High MRT-LRT fares? There's the smoky dirty ground level PUJ or the half empty buses. Or the illegal pedicabs, colorum FX and the illegal tricycles. Tolls too high? The tax payer funded national highway system beckons. These are practically free for the majority as BIR will tell you that only a handful of our population pay net income taxes. Food prices too high? Yes, difficult for the illegal settlers whose limited but free housing space, don't have a pot to plant veggies. But not in the provinces. Energy prices too high? Give up on the scandalous AM talk radio programs, mind numbing TV game shows, pirated DVD, etc. Yes, the law of getting what you pay for always applies. If the NCR is uncomfortable with rising prices, it doesn't mean the other 12 Regions should cough up a subsidy for NCR to maintain its lifestyle.

It snowballs

It doesn't end there. It takes off on a slippery slope. Software applications charge too much? Pirated is available. Cheating is now recast as resourcefulness, under the guise of the right to choose alternatives. Can't afford your dream cell phone? Buy the copy. Still too much? Steal the means to buy one or steal one. And more. And make a business of it. And when one starts stealing to get what one wants, the world is your oyster. Cellphones. Cars. Pension plans. Companies. National economies. This is the whole informal economy, with its own checks, balances, taxes and unwritten rules and accounts.
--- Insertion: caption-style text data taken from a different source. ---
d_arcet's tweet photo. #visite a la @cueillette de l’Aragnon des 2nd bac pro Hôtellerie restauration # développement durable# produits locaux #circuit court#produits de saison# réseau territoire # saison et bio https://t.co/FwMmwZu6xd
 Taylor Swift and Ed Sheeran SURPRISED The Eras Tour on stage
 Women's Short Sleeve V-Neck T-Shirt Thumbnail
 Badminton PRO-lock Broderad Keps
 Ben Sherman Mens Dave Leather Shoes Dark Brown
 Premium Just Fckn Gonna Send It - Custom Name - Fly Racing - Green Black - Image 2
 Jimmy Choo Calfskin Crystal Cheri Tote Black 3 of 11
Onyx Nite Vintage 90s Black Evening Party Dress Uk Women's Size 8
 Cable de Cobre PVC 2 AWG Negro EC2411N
It then becomes a lucrative business. A business that becomes an entitlement. A jealously [or selfishly] guarded right. So now lucrative easy-come easy-go businesses will no longer tolerate competition as they see it as an encroachment on their oligopolistic right to get rich. They won't care about your right to free commerce. This is what keeps many a sclerotic dynasty in a position of power in many states, not only in the Maghreb and the Levant. Selfish, right?

Kill for the right

Yes, we all do have a right to be selfish. What we don't have is the right to impose on other people to unwillingly give to us what belongs to them. That's not fair. In the land of hometown mentality, the sense of fair play is observed only in the breach. So what's the difference between guarding our rights jealously and guarding our rights selfishly? Nothing really, as many are willing to die for or kill for such rights.


So when one doesn't like a toll/fuel/fare/tax/energy/rice price increase, go ahead, don't buy. Go ahead, look for like minded people, make a slogan, march arm and arm and chant in anger. Call for a boycott. Its legitimate. Its like negative advertising. Governments did that to newspaper and opinion makers. At one time, the country's biggest corporation was subject to a consumer boycott just because the new owners were accused of being crony of the oligarchy. Ten years and twenty five years respectively, the newspapers and the country's biggest corporation, owned by the same crony of the oligarchy are still around, bigger and better than ever.

What's the effect?

Boycott all they like, but they can't make us, who do not agree with them, to subsidize them. The government should value justice above the noisy protesters and their grandstanding grandees who care about their rights but want it at the expense of the rest of us, the silent majority. And we are not going to let mobs, forum trolls and cowards with assumed names to tell us what to do.